When I’m in a depressed period, I tell myself “It won’t be like this forever.” It’s a mantra that allows me to remember that there have been happier times before and there are happier times ahead. When I’m in the gravel, as I have been a lot this year, it’s hard for me to remember that it really won’t be like this forever. As much as I can tell myself that, it doesn’t often permeate the layers of stress and late nights and overdrawn bank accounts to get to the spot where I feel it’s really going to be better. Where I know it, without a doubt, where it’s a certainty in the very core of me.

It’s quite possible that nobody has that certainty I crave, or that I won’t ever have it myself. All I know is that right now, I’m in the gravel. I know a lot more than I did when I was young, but I’m beginning to realize that I know so very little. I’m trying to make decisions that are healthy and balanced, that will set me on the right path, but so often I feel like an impostor at the adult’s table.
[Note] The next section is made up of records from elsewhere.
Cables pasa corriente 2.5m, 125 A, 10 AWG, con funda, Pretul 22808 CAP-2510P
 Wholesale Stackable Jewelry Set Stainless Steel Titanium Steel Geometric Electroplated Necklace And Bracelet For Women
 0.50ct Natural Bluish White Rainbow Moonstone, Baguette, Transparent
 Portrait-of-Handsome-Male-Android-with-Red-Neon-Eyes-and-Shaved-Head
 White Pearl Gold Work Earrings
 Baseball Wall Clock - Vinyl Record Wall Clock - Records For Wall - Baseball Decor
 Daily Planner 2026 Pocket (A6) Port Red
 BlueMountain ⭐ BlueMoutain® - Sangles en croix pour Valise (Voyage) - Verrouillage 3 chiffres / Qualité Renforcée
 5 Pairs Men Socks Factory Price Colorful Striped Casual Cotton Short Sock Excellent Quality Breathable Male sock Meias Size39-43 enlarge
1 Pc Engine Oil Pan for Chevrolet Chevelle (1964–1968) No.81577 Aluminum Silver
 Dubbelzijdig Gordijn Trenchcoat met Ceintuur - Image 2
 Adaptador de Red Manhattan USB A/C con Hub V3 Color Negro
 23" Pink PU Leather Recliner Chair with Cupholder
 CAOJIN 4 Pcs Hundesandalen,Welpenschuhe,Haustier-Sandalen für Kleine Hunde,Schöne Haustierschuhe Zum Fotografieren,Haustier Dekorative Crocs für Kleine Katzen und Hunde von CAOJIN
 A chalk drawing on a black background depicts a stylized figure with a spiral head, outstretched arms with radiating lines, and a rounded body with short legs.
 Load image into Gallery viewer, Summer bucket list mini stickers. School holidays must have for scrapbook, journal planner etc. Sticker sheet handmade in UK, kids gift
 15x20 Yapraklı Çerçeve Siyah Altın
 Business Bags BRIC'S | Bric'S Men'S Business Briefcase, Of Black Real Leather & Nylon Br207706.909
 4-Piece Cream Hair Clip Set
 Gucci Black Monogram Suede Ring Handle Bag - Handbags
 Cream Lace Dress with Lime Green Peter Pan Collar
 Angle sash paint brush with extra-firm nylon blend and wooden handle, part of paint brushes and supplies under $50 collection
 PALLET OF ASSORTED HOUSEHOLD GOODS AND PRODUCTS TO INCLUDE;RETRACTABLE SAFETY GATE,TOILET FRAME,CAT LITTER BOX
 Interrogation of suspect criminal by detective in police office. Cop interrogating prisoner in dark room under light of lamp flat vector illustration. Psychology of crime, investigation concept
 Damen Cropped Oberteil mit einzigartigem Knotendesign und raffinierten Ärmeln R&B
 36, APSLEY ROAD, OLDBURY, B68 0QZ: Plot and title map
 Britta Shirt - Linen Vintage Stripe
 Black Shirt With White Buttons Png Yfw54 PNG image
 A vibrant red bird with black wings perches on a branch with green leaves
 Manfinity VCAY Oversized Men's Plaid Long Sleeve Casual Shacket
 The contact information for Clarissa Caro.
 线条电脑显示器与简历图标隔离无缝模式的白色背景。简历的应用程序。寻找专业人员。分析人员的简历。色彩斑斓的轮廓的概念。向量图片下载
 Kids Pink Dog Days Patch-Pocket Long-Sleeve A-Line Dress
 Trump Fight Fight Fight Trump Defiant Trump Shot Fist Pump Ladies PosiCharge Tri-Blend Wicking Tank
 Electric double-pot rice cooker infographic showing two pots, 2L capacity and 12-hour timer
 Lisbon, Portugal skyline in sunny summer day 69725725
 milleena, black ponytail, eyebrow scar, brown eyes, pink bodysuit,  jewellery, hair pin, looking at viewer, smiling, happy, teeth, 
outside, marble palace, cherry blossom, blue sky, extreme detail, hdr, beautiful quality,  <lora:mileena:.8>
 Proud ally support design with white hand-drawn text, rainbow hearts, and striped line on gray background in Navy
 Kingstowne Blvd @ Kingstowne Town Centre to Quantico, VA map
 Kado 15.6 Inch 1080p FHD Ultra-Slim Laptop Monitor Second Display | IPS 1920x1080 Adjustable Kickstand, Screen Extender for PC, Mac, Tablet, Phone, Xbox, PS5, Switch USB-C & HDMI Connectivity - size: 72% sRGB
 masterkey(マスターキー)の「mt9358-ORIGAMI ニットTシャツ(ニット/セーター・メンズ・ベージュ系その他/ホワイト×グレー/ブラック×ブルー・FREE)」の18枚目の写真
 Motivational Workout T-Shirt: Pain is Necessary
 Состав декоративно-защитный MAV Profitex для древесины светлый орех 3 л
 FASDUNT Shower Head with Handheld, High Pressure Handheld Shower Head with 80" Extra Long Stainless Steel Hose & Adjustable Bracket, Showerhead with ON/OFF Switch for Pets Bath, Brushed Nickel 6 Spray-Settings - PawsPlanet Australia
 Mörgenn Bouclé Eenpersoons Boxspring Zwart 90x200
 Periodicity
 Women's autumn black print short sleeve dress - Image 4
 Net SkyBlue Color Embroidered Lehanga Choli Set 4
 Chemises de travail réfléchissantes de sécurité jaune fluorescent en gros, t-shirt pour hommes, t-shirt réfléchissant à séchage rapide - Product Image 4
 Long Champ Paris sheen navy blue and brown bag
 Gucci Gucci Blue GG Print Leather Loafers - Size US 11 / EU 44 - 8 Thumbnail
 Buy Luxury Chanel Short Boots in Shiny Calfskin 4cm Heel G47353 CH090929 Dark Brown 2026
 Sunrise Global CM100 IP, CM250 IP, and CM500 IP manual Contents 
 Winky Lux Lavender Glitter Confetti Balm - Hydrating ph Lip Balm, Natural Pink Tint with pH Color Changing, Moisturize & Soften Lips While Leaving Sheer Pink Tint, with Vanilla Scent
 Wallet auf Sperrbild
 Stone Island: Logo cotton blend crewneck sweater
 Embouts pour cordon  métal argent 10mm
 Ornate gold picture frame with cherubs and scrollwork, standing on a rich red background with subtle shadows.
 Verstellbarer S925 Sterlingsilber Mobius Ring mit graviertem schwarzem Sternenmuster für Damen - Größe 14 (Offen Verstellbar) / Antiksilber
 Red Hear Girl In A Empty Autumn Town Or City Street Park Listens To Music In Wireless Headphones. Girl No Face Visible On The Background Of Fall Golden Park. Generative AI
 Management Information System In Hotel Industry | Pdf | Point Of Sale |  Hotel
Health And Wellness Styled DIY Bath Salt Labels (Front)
 I wasn’t prepared for this, and I don’t know the way.

****

Tonight, I took another drive – this time, deliberately. I took my time, circling around town, relaxing into the shift and the clutch and the rumble. I rolled all the windows down, turned the music up, let my hand drift in the stiff wind. I did it because I wanted to, because a good drive at the end of a long week can fix a lot of things. The very first taste of fall nipped at my hands as the sun set, just a hint of coolness sneaking into the air. The moon rose, full and bright, reflecting off the trees on the rise.

I drove just a little bit, because I need to save the gas until Tuesday, whereupon I will hand over a thick wad of ones to the gas station cashier and apologize sheepishly for using tip money, and they’ll say they understand, it’s what you have to do to get by. As I crested over the last freeway overpass before home, torquing the engine just enough to make the shift into fourth without a struggle, I let the wind whip my hair around my eyes. I let it whisper promises to me, and I let it carry me toward home.